2. Technology has made SBA lending more efficient.

Myriad operational improvements introduced by SBA since 2009 are bearing fruit. Reduced or eliminated fees and higher loan limits have helped spur lending, as have efforts to cut paperwork, automate processes and let banks use more of their own underwriting models to decision loans. Going forward, technology is the real fulcrum of SBA’s modernization efforts. According to SBA, SBA One in particular will reduce loan processing times for average SBA loans by 64%, meaning for some SBA products processing times will fall from 100 business hours to a little over 24 business hours.

3. Higher capital requirements have pushed banks toward the SBA guarantee.

Greater regulatory vigilance and new capital requirements looming under Basel III have made banks more averse to risky loans, making the SBA guarantee even more attractive.

Under traditional commercial lending methods, a lender funds 100% of its loans and includes the loan in full in its risk-based asset calculations. However, banks fund 100% of SBA loans but include only the unguaranteed portion of the loan, which can run from 15% to 25%, in their calculations. That alone can dramatically improve a bank’s capital ratios.

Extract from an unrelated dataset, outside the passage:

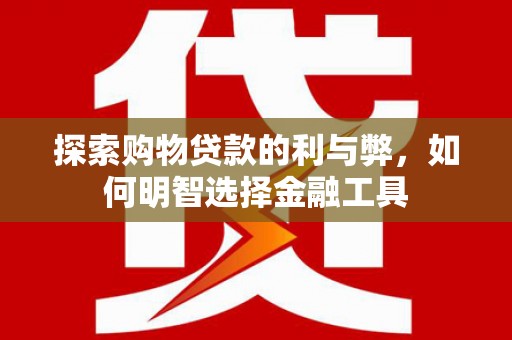 新园探索购物贷款的利与弊，如何明智选择金融工具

4. Secondary markets for small-business loans are heating up.

Resurgent secondary markets have also spurred banks’ 7(a) lending. A sizable secondary market for small-business loans doesn’t exist outside of SBA lending, which makes non-SBA loans both more costly for banks and less desirable.

Secondary markets took a big hit during the financial crisis, with unit volume falling 40% in 2009, according to SBA data. But last year roughly 30% of 7(a) loans were sold on the secondary market, according to the SBA. This has helped lenders grow profits more rapidly while preserving strong capital ratios and a conservative balance sheet. It also provides quick returns for banks looking for fee income generation and incremental yield.. In fact, secondary markets are willing to pay average market premiums on guaranteed portions of SBA loans of 10%-15% of the loan’s face value.

5. The SBA’s other lending program is underutilized.

Strength in 7(a) volume is also due to weakness in the SBA’s other flagship loan program, 504 loans. Lenders only minimally support this program. In 2014, for example, 56% of lenders made only one 504 loan, while 74% made two loans or less in that category. Rather, lenders are turning to the 7(a) program to make commercial real estate loans, which constitute 40% of all 7(a) volume—precisely the kind of loans that 504 was created to support.

Given rising commercial real estate values and a looming rate hike by the Fed, Congress and lenders must grapple with the question of why 504 loans are underutilized.

Part of the reason is that 504 is a fixed-rate product. In a low-rate environment, with a rate-hike imminent, that’s less attractive. But the crucial reason is that the economics of 504 loans are generally less favorable for banks.

Because banks cannot sell their 504 loans in secondary markets, they hold them on balance sheets, undermining capital ratios. We estimate that these economics produce a Risk-Adjusted Return on Capital of roughly 6% for a $1 million 504 loan, versus 41% for a similarly-sized 7(a) loan sold into the secondary market. Congress ought to insist that the private sector establish a secondary market for 504 loans, which would spur 504 loan volume and address liquidity and capital needs of community banks.

Absent SBA loan options, millions of small businesses would have little alternative but to max out personal and business credit cards or borrow at much more expensive rates with online alternative lenders, some of which carry interest rates reaching the triple digits. Further delays to raising the 7(a) lending limit risk removing a vital, low-cost lifeline upon which small businesses depend to finance expansion and hiring. Lawmakers ought to raise the 7(a) lending limit in short order.

Patrick Kelley is a vice president at Live Oak Bank and was previously deputy chief of staff at SBA. Brayden McCarthy is head of policy and advocacy at Fundera and was formerly senior economic policy advisor in the Obama White House and SBA.